29. Aux termes du paragraphe 17(2) de la Loi sur le TCCE, le Tribunal possède, en ce qui concerne la comparution, la prestation de serment et l’interrogatoire des témoins, la production et l’examen des pièces, et les questions liées à l’exercice de sa compétence, les attributions d’une cour supérieure d’archives. De plus, tel que mentionné, l’article 35 de la Loi sur le TCCE prévoit que les séances du Tribunal sont conduites de la façon qui lui paraît la plus efficace, la plus équitable et la plus expéditive dans les circonstances. Également, aux termes de l’article 6 des Règles, le Tribunal peut modifier les présentes règles, notamment par adjonction, ou exempter une partie de leur application, si cela est juste et équitable ou si, en vue du règlement plus expéditif ou moins formel d’une question, les circonstances et l’équité le permettent. Par conséquent, sous réserve des exigences des lois et des règlements, le Tribunal est maître de sa propre procédure. Bien que le paragraphe 67(2) de la Lois sur les douanes exige que le Tribunal entende les parties intervenantes, il peut limiter les exposés des parties intervenantes de façon à assurer que sa procédure soit expéditive et non pas inutilement compliquée pour les parties à l’appel, tout en étant équitable envers les parties intervenantes.

30. Le Tribunal peut alors se prévaloir de son autorité de façon à accorder aux parties intervenantes la possibilité d’être entendues uniquement si de telles interventions sont nécessaires (ou peuvent aider le Tribunal dans la résolution de l’appel, selon le cas).

31. Dans le présent appel, afin de réduire au maximum la mesure dans laquelle les interventions pourraient affecter indûment Danone et les faits non pertinents encombrer inutilement l’appel, le Tribunal accorde à Ultima, à Parmalat et à PLC de déposer des exposés écrits en même temps que l’ASFC et de présenter une argumentation orale à l’audience seulement dans la mesure nécessaire pour représenter convenablement leurs intérêts directs dans l’appel. Ultima et Parmalat déposeront un exposé écrit conjoint et présenteront une argumentation orale conjointe à l’audience sur la question de l’incidence du classement tarifaire proposé sur leurs positions respectives dans le marché. PLC déposera un exposé écrit et présentera une argumentation orale à l’audience sur la question de l’incidence du classement tarifaire proposé sur le système de gestion des approvisionnements du Canada.

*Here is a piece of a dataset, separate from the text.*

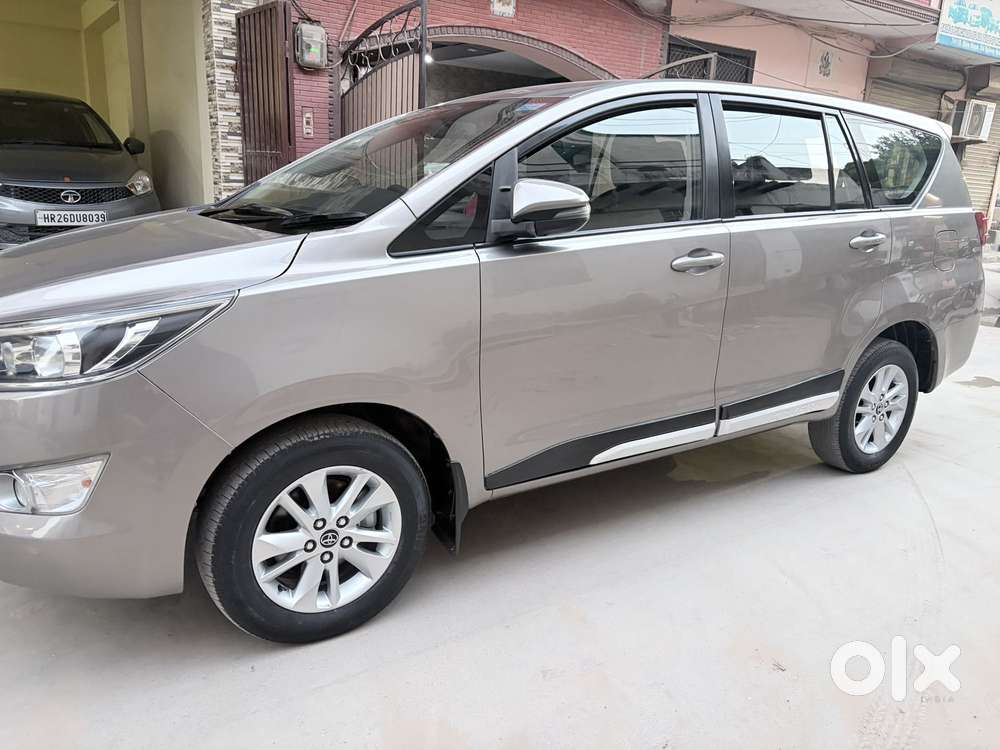Toyota Innova Crysta 2.7 Gx Limited Edition 7 Str, 2019, Petrol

32. Puisque Danone a déjà déposé son mémoire de l’appelante, en toute équité, elle aura la possibilité de déposer une réplique écrite aux exposés des parties intervenantes avant l’audience.


1 . L.R.C. 1985 (2e supp.), c. 1.

2 . D.O.R.S./91-499 [Règles].

3 . (20 avril 2004), AP-2003-040 (TCCE) [Advidia].

4 . L.R.C. 1985 (4e supp.), c. 47 [Loi sur le TCCE].

5 . Le Tribunal fait remarquer que, dans R. c. Finta, [1993] 1 R.C.S. 1138, la Cour suprême du Canada a interprété l’expression « un intérêt » énoncé à l’article 18 des Règles de la Cour suprême du Canada comme n’étant pas tout intérêt, mais plutôt « un intérêt direct dans l’issue », « un intérêt qui est directement touché ». Le Tribunal fait aussi remarquer que le Black’s Law Dictionary, 9e éd., définit le mot « intervention » (intervention) comme étant en partie « la participation à une instance d’un tiers qui, même s’il n’est pas partie à l’affaire, a un intérêt direct dans l’issue [...] » [traduction].

6 . Voir, par exemple, Apotex Inc. c. Canada (Minister of Health), 2000 CanLII 14957 (C.F.), décision qui a été rendue après la modification importante apportée à l’article 109 des Règles de la Cour fédérale.